Sur le plan de l’efficacité, c’est les empêcher de s’impliquer totalement dans leur travail ; c’est renoncer à avoir une démarche d’amélioration progressive de leurs compétences et de leur projet professionnel ; c’est, finalement, une atteinte à la qualité du service public.
La demande que nous formulons à l’État n’est pas extravagante. Il s’agit simplement d’une exigence d’exemplarité. Pourquoi l’État s’affranchirait-il des règles qui s’imposent – qu’il impose – au secteur privé ?

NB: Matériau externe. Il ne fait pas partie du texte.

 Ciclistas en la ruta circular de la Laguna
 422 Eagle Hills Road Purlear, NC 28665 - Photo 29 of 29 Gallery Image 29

L’État considérerait-il qu’il est préférable de recourir à « l’emploi Kleenex » plutôt que d’assurer un suivi de carrière, une progression et une formation pour tous ses contractuels ? C’est ce suivi qui permettrait d’avoir une gestion plus efficace des ressources humaines, gage à la fois d’économies et de qualité.
Malgré le principe de l’unicité de l’État, ce texte permet de multiplier les types d’employeur – département ministériel, établissement public… Cette solution de facilité permet d’échapper à une vision d’ensemble, qui imposerait une gestion plus rigoureuse mais aussi plus humaine de l’ensemble des agents travaillant pour l’État.
Pour l’heure, malgré toutes ces réserves et en dépit de son caractère ambigu au regard de la politique qui frappe la fonction publique depuis 2007 – qu’il s’agisse de son périmètre d’action ou de ses moyens –, nous voterons ce texte, par respect pour l’accord conclu avec les organisations syndicales, après lui avoir apporté quelques améliorations dont nous allons maintenant discuter.